Chapter 11 Bankruptcy
Chapter 11 Bankruptcy is a reorganization bankruptcy plan. While available to businesses and individuals, it is almost exclusive used for business to reorganize their debts and continue operations. When a business is unable to pay its creditors, its options are generally a chapter 7 liquidation, where the assets are sold and the money is paid to the creditors, or chapter 11, where the business continues operations with all its creditors put on hold, while management puts a proposal to reorganize the company to pay its debts. Some contracts may be canceled by the courts, if the company is publically traded, its stock is normally delisted, and if the business's proposal to restructure is accepted, the business operates according to the plan to resume operations.
In a chapter 11, the owners of the company (the stockholders) normally find their shares rendered worthless, and the creditors assume most of the ownership of the company. The company and the plan may reserve some share of the stock as an incentive for management to remain, and as part of a new contract with unions or other employees. Individuals that want to repay their debts and need more reasonable terms normally file under chapter 13, which is a more straight-forward and less costly form of reorganization. If you have assets that you are concerned with preserving, and you think that a chapter 11 bankruptcy is more advantageous, consider speaking with a bankruptcy attorney about your options and the costs of them.
Advantages to Chapter 11
Chapter 11 bankruptcy is seen as an option that saves jobs and may preserve value, by allowing the company to continue operations during the restructuring.

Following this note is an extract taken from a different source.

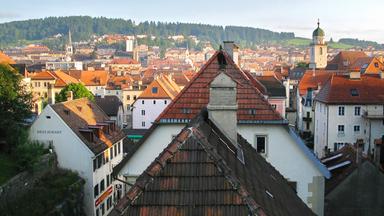 Luftansicht von hausdächern in LeLocle.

While chapter 7 filings may allow continue employment while the company and creditors attempt to sell units of the company, it generally entails the business ceasing operations.

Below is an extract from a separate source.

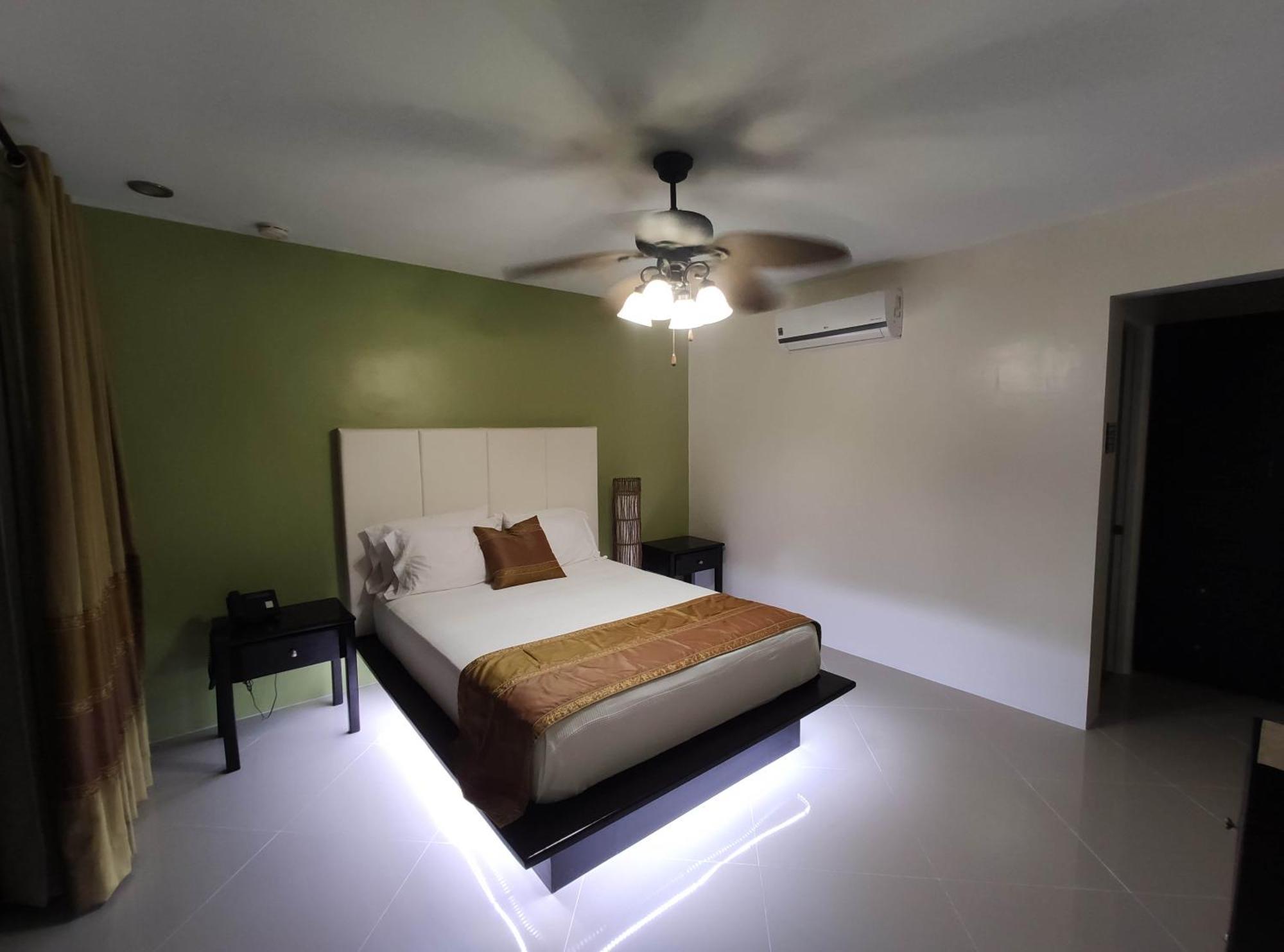 Aj's Place Resort *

For the management of the company, chapter 11 gives them leverage with the creditors, who may be unwilling to restructure debts, and preserves their opportunity to continue as the management with the first right to propose restructing plans. Management may lose their existing stock options, stock ownership, or restricted shares, but may be able to recover my issuing retention shares to keep them around.
Drawbacks to Chapter 11
In a chapter 11 filing, the stockholders (owners) of the company usually see their shares rendered worthless. While the company is able to continue operations, the company has new ownership, and no benefit from the continued operations. Employees, particularly unionized ones, often see their contracts voided, and specialized employees that can't work in other fields without substantial pay cuts may see their salaries and benefits massively reduced.
Criticisms of Chapter 11
Critics point out the the biggest beneficiaries of chapter 11 are the managers whose behavior put the company into bankruptcy in the first place. In addition, in extremely competitive markets, the chapter 11 filing of a major player may give the newly reorganized company an advantage, as they are able to compete with the other companies without the debt. In fixed cost intensive businesses like the airline industry, a large portion of expenses is the interest expenses on the debts attached to assets such as the airplanes. Without having to make debt payments, the carriers operating under chapter 11 were able to reduce prices below their competition, expand routes, and otherwise operate at an advantage. This can cause the companies that were previously economically viable to become the losing companies, put at a structural disadvantage by the courts, and force the competitors into bankruptcy.
Critics suggest that chapter 11 should be reformed so that it is not a tool of management to preserve their jobs or a way for unhealthy companies to unfairly compete with healthy ones. Some suggested that the airline industry would have recovered if the unhealthy companies were forced to liquidate, rather than expand under court protection. A reduction is excess capacity would have caused price increases, helping the surviving carriers increase profitability.